BUONA PERFORMANCE OPERATIVA, MA CON UN IMPATTO SIGNIFICATIVO DEGLI ELEMENTI NON RICORRENTI NEL 2014

I risultati del Gruppo registrano quest’anno l’impatto negativo di elementi non ricorrenti significativi. Escludendo tali elementi, il Gruppo realizza una buona performance operativa, grazie al suo modello di business diversificato e alla fiducia dei suoi clienti istituzionali, delle imprese e della clientela individuale.
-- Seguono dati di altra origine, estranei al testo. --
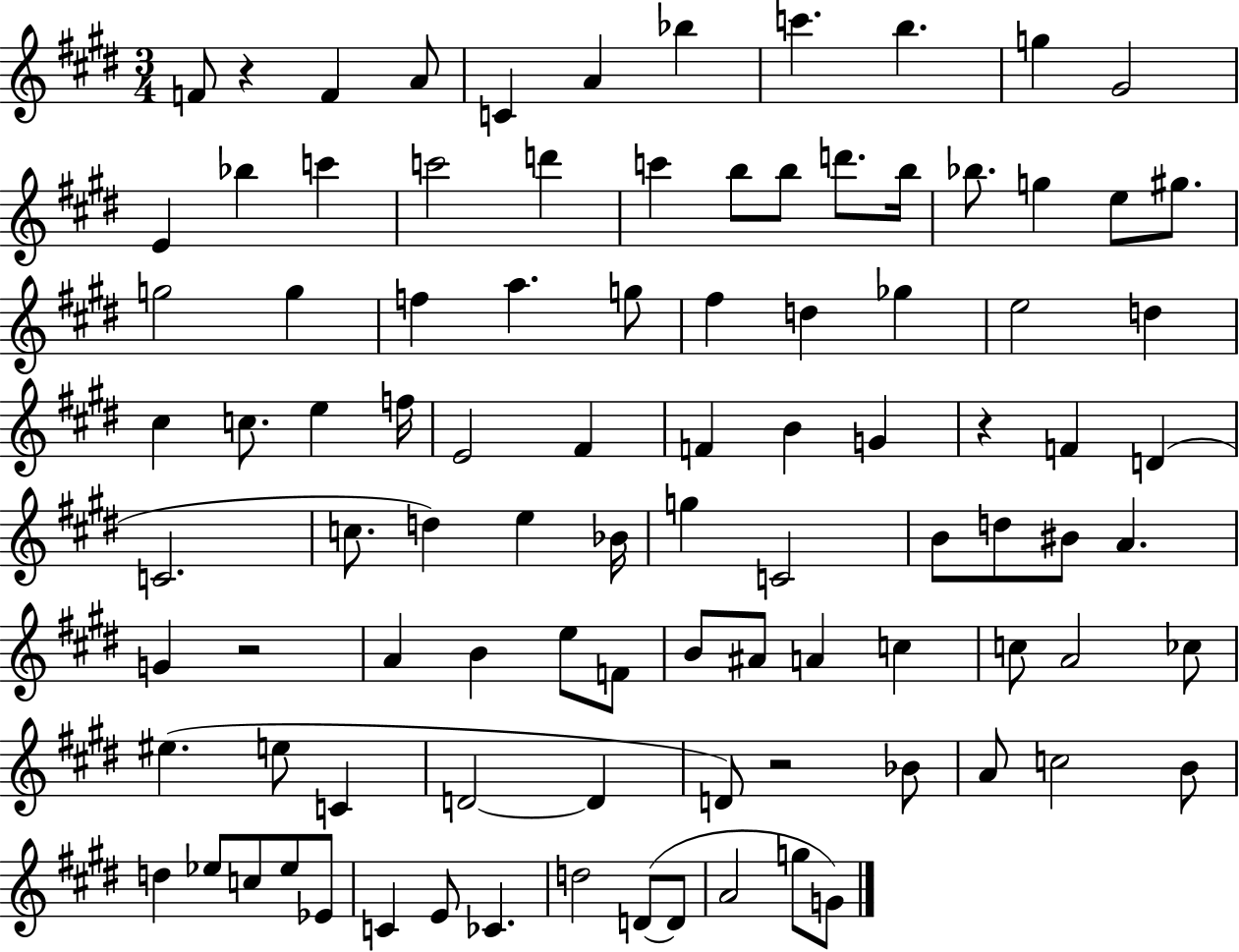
{
  \clef treble
  \numericTimeSignature
  \time 3/4
  \key e \major
  f'8 r4 f'4 a'8 | c'4 a'4 bes''4 | c'''4. b''4. | g''4 gis'2 | \break e'4 bes''4 c'''4 | c'''2 d'''4 | c'''4 b''8 b''8 d'''8. b''16 | bes''8. g''4 e''8 gis''8. | \break g''2 g''4 | f''4 a''4. g''8 | fis''4 d''4 ges''4 | e''2 d''4 | \break cis''4 c''8. e''4 f''16 | e'2 fis'4 | f'4 b'4 g'4 | r4 f'4 d'4( | \break c'2. | c''8. d''4) e''4 bes'16 | g''4 c'2 | b'8 d''8 bis'8 a'4. | \break g'4 r2 | a'4 b'4 e''8 f'8 | b'8 ais'8 a'4 c''4 | c''8 a'2 ces''8 | \break eis''4.( e''8 c'4 | d'2~~ d'4 | d'8) r2 bes'8 | a'8 c''2 b'8 | \break d''4 ees''8 c''8 ees''8 ees'8 | c'4 e'8 ces'4. | d''2 d'8~(~ d'8 | a'2 g''8 g'8) | \break \bar "|."
} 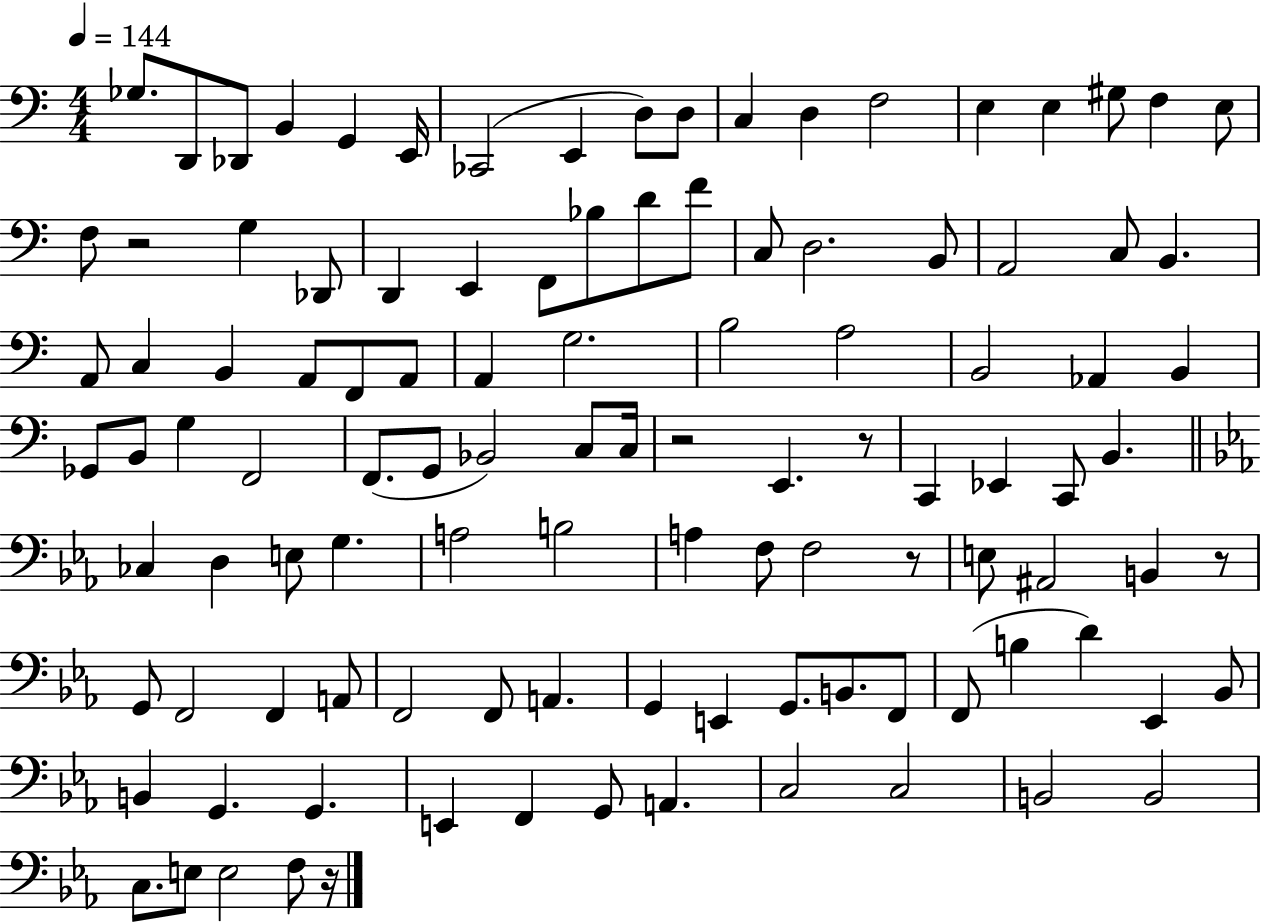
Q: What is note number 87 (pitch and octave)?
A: D4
Il Gruppo ha concluso d’altra parte quest’anno tre operazioni di crescita esterna mirata, con l’acquisto del rimanente 50% di LaSer e con le acquisizioni di Bank BGZ in Polonia e di DAB Bank in Germania.

Il margine di intermediazione si attesta a 39.168 milioni di euro, con un aumento del 2,0% rispetto al 2013, e comprende elementi non ricorrenti per un totale di -324 milioni di euro (+147 milioni di euro nel 2013): la rivalutazione del debito proprio (“OCA”) e del rischio di credito proprio incluso nei derivati (“DVA”) per -459 milioni di euro, l’introduzione del “Funding Valuation Adjustment” (FVA) in Fixed Income per -166 milioni di euro e una plusvalenza netta su cessioni eccezionali di titoli per +301 milioni di euro. Al netto degli elementi non ricorrenti, il margine di intermediazione aumenta del 3,2%. 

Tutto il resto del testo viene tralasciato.